Elaheh Hosseinnejad (Persian: الهه حسین‌نژاد‎; October 18, 2000 – May 25, 2025) was an Iranian woman whose disappearance and murder received widespread media attention and sparked public debate in Iran. A resident of Eslamshahr and a beauty technician in Tehran, Hosseinnejad went missing on May 25, 2025, after leaving work to assist her family. Her case gained national prominence amid growing concern over violence against women. On June 4, 2025, authorities confirmed the discovery of her body and the arrest of a suspect.

== Life ==
Elaheh Hosseinnejad was the daughter of Mohammad Hosseinnejad and originally from Sarab, a city in East Azerbaijan Province. She was 24 years old at the time of her disappearance and was employed as a nail and eyelash technician at a beauty salon in Tehran, working alongside her sister. She held a bachelor's degree in accounting.

According to her uncle, Elaheh was described as a "calm, responsible, and family-oriented girl."

She was known to support the Women, Life, Freedom movement, as well as dissident musicians such as Toomaj Salehi and Mehdi Yarrahi.
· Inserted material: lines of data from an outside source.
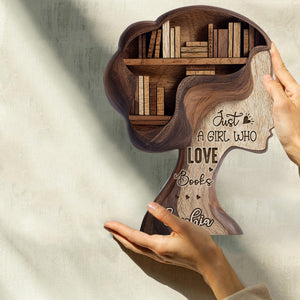 Just A Girl Who Loves Books - Personalized Book Custom Shaped Wood Plaque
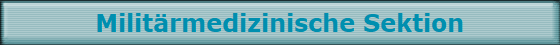 Militrmedizinische Sektion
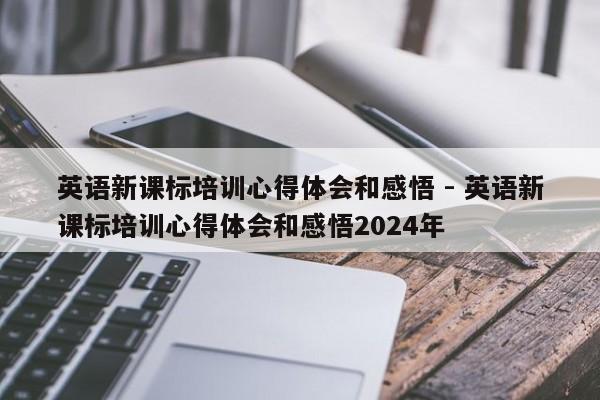 英语新课标培训心得体会和感悟 - 英语新课标培训心得体会和感悟2024年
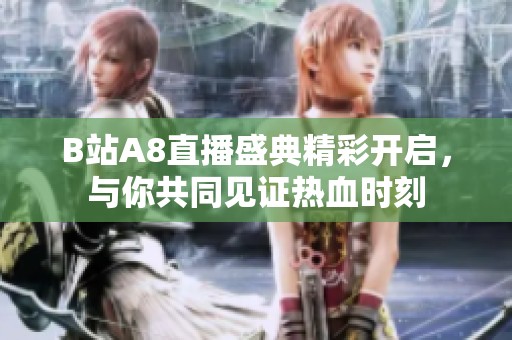 B站A8直播盛典精彩开启，与你共同见证热血时刻
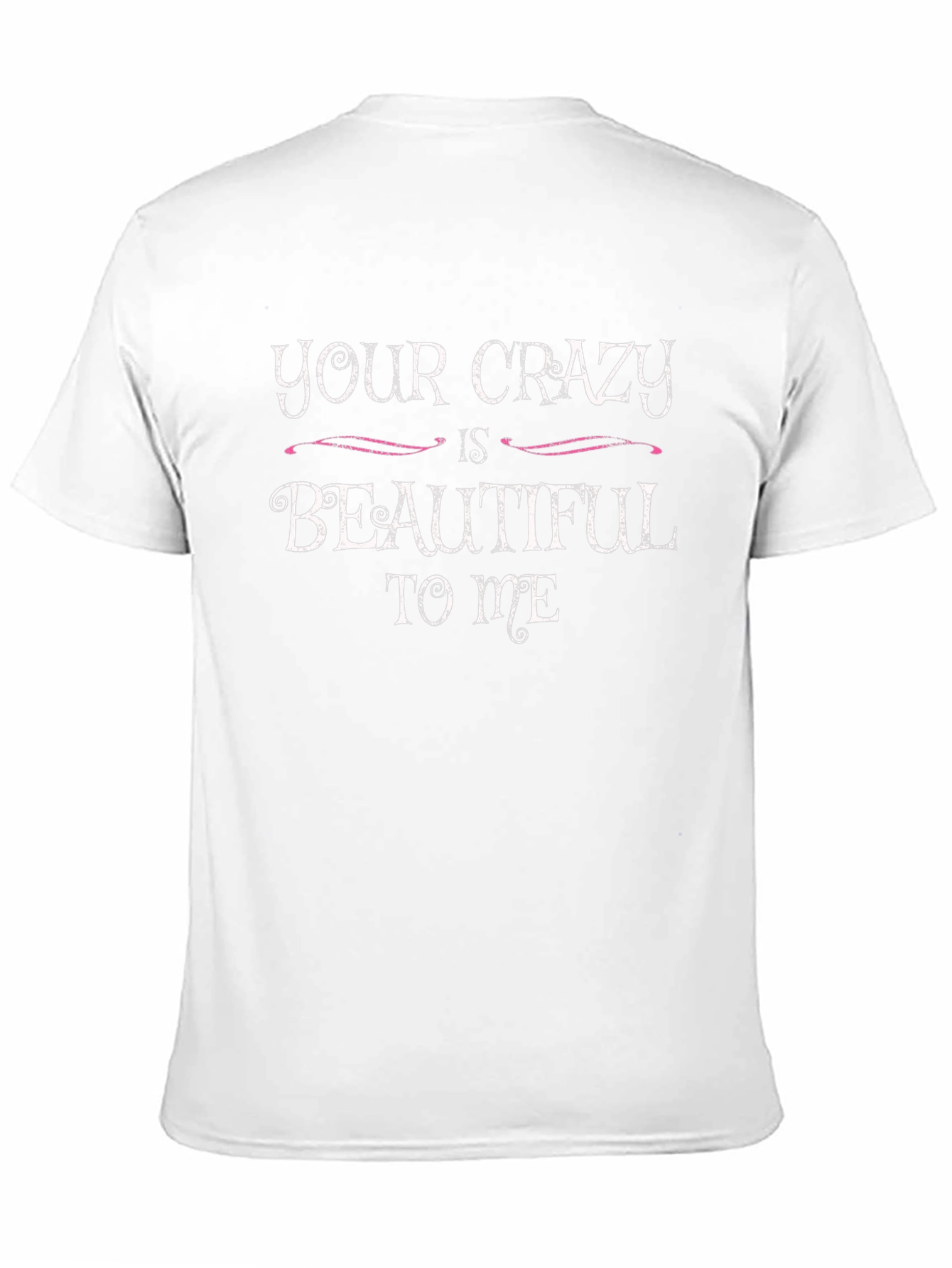 Your Crazy is Beautiful to Me T-Shirt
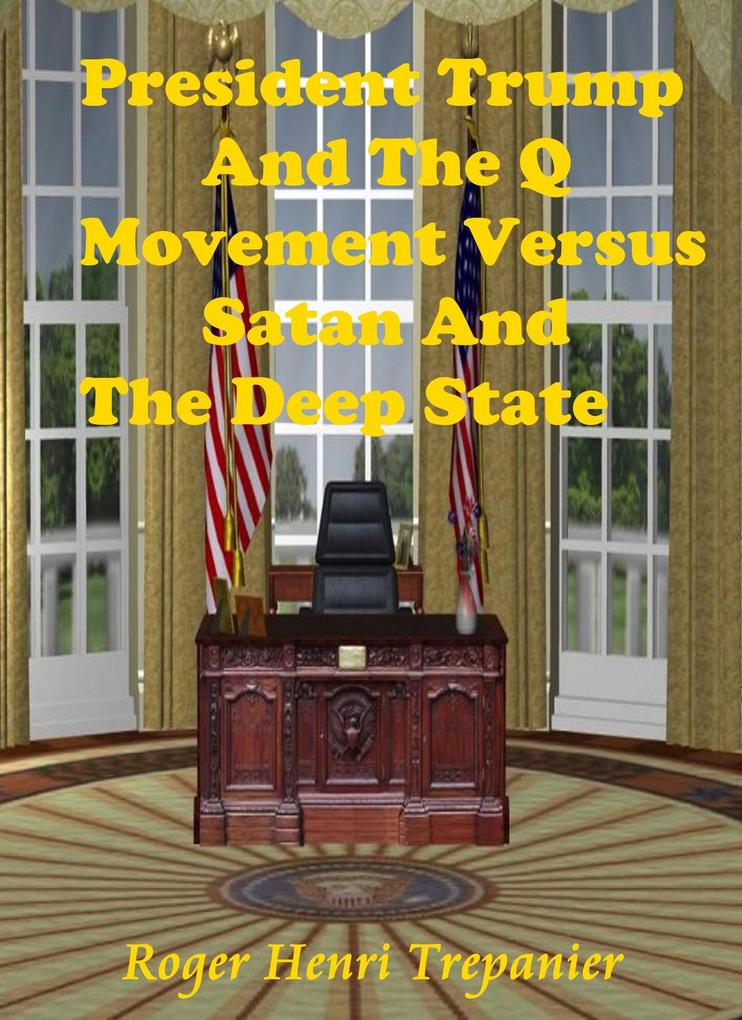 President Trump And The Q Movement Versus Satan And The Deep State (The Practical Helps Library #10)
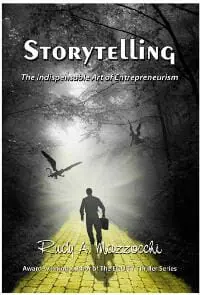 STORYTELLING - The Indispensable Art of Entrepreneurism STORYTELLING - The Indispensable Art of Entrepreneurism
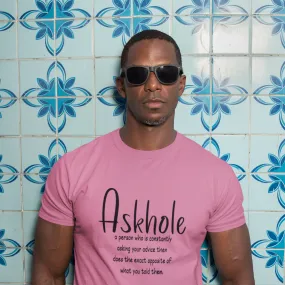 Askhole: A person who is always asking for your advice then does the exact opposite of what you told them sarcastic tshirt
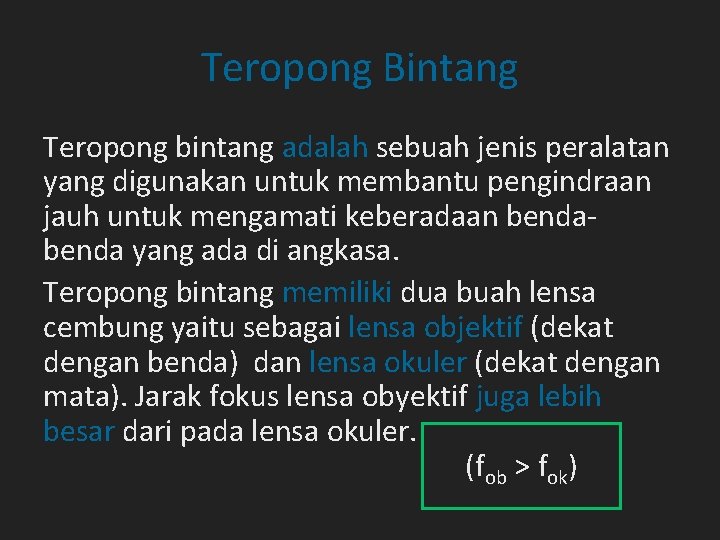 Teropong Bintang Teropong bintang adalah sebuah jenis peralatan yang digunakan untuk membantu pengindraan jauh Teropong Bintang Teropong bintang adalah sebuah jenis peralatan yang digunakan untuk membantu pengindraan jauh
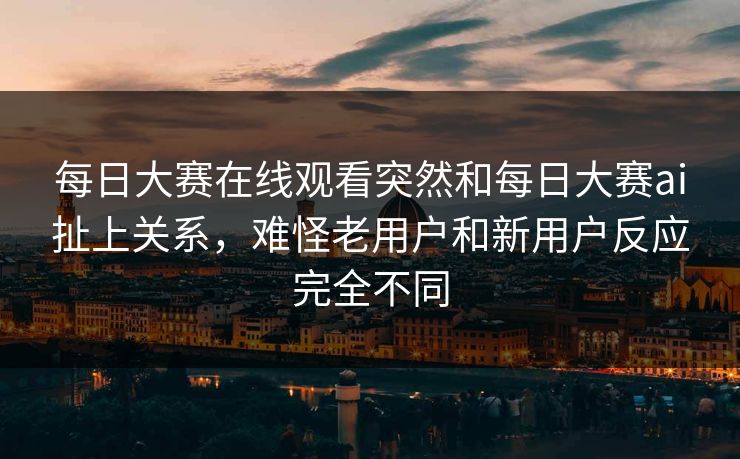 每日大赛在线观看突然和每日大赛ai扯上关系，难怪老用户和新用户反应完全不同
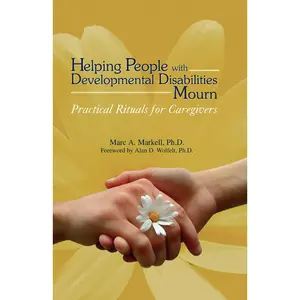 USED-Helping People with Developmental Disabilities Mourn: Practical Rituals for Caregivers by Markell, Marc A. (Paperback)
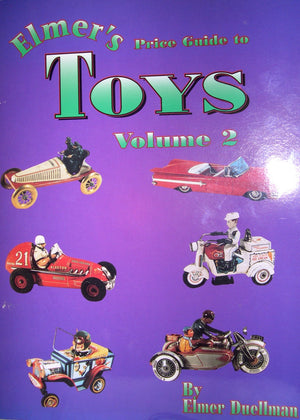 Elmer's Price Guide to Toys, Vol. 2,New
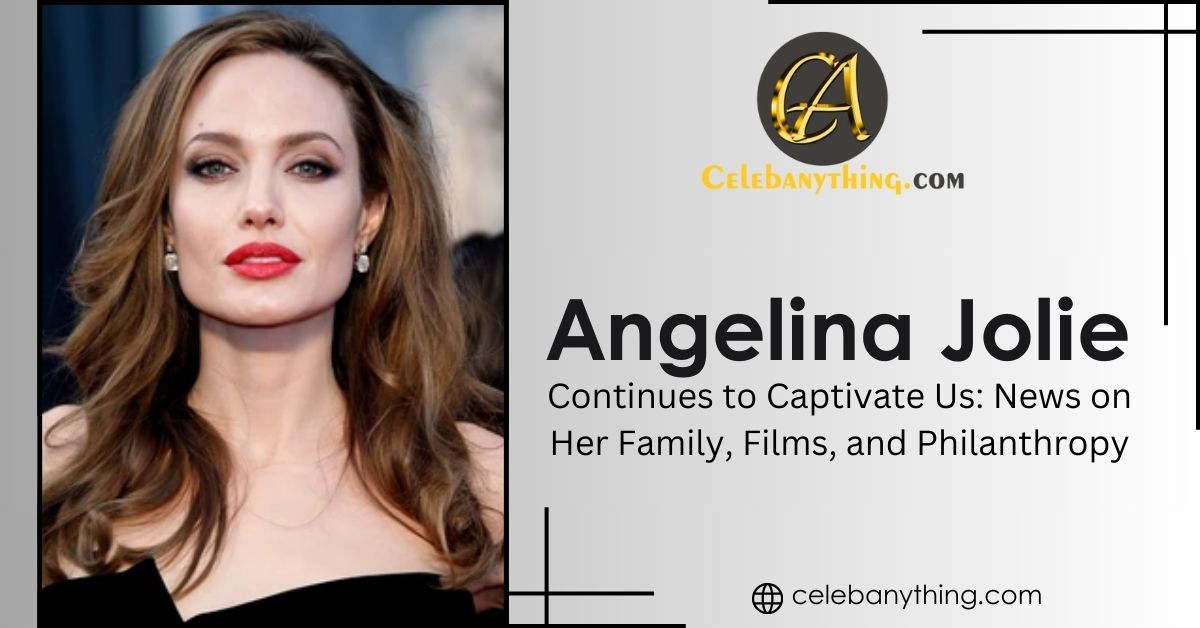 Angelina Jolie Captivates | Celebanything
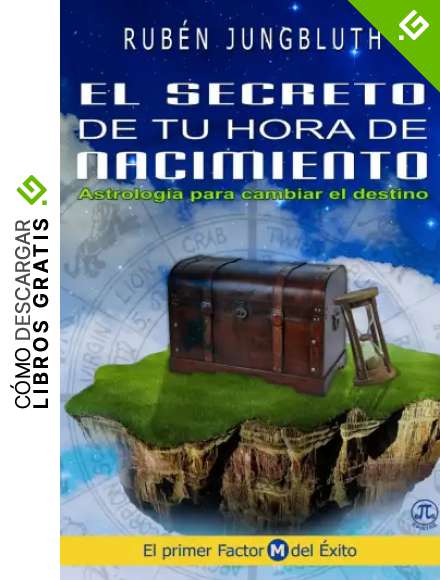 El Secreto de tu Hora de Nacimiento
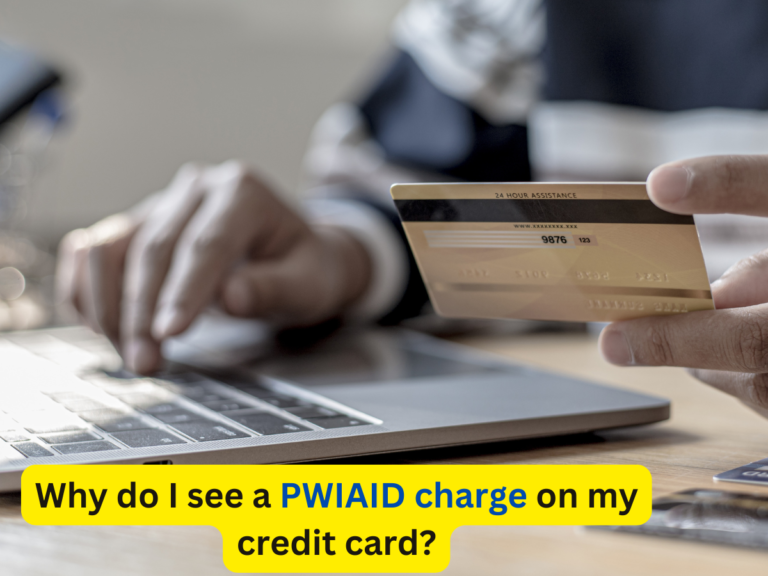 Why do I see a PWIAID charge on my credit card?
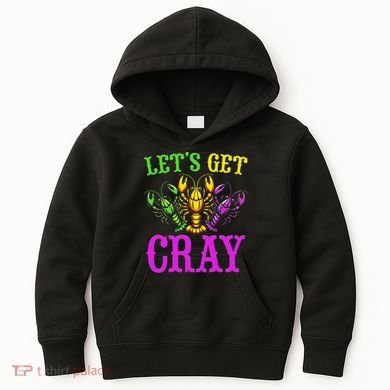 LetS Get Cray Mardi Gras Crawfish Kids Hoodie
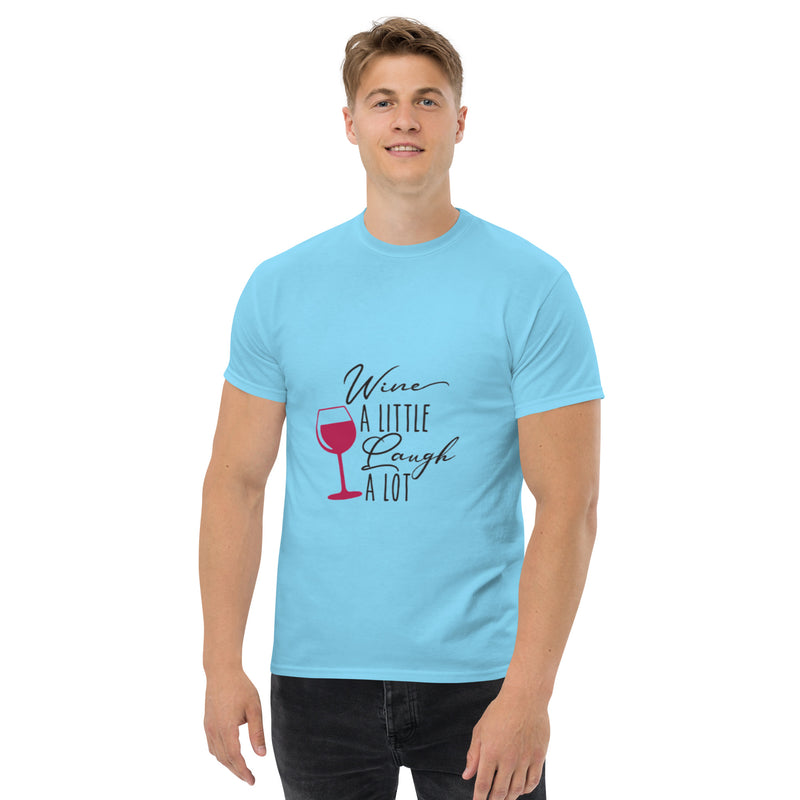 Camiseta clásica para hombre "Wine A LITTLE Laugh A LOT"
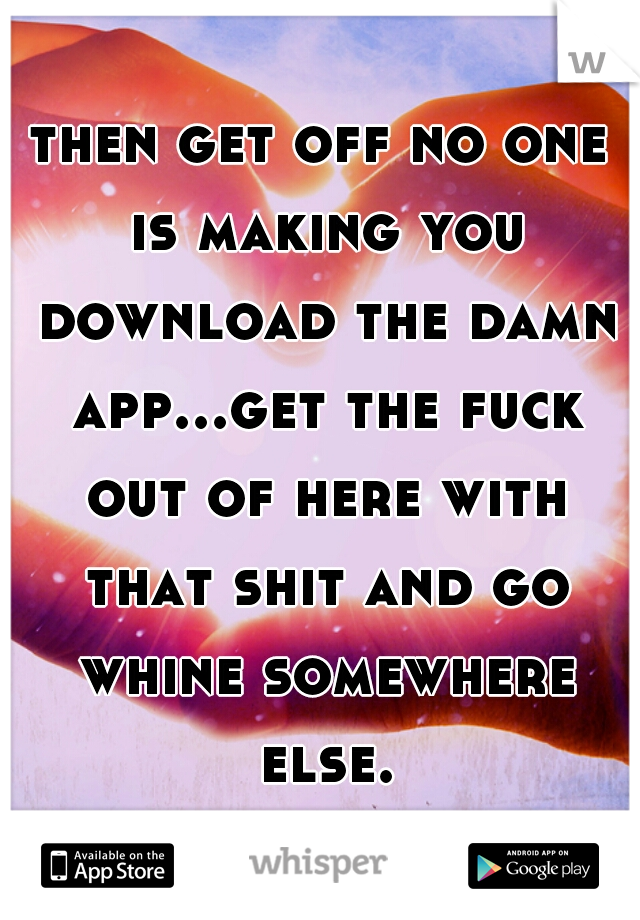 then get off no one is making you download the damn app...get the fuck out of here with that shit and go whine somewhere else.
She also opposed the enforcement of mandatory hijab in Iran.

== Disappearance ==
On May 25, 2025, Elaheh Hosseinnejad disappeared while returning home from her workplace in Tehran. She was last seen on her usual route between Shahrak-e Gharb and her residence in Eslamshahr. Her family reported her missing after she failed to arrive home.

According to reports, she left work at her usual time, intending to return home early at her mother's request to care for her disabled brother. Her last known contact was a phone call to her father at 7:40 PM, during which she said she was at Namaz Square in Eslamshahr and would be home within 20 minutes. No further contact was made.

Shortly after her disappearance, a video circulated on social media allegedly showing the moment of her abduction. However, it was later revealed that the footage was unrelated, originating from a 2018 abduction case in Tabriz involving an 18-year-old girl.

== Murder ==
Following the report of her disappearance, Iranian law enforcement began an investigation. Authorities announced that all available resources had been deployed to locate Elaheh Hosseinnejad.

On the morning of June 4, 2025, the Tehran Prosecutor's Office reported that Hosseinnejad's body had been found in a desert area near Tehran and that a suspect had been arrested. Two suspects were taken into custody on June 4.

According to the judiciary-affiliated news agency Mizan, on the day of the incident, Hosseinnejad boarded a silver Samand sedan. The driver allegedly had malicious intent, and upon her resistance, stabbed her twice in the chest and left her body in a desert on the outskirts of Tehran.

Initially, Mizan stated that the suspect intended to sexually assault the victim. Later reports, however, changed the motive to robbery.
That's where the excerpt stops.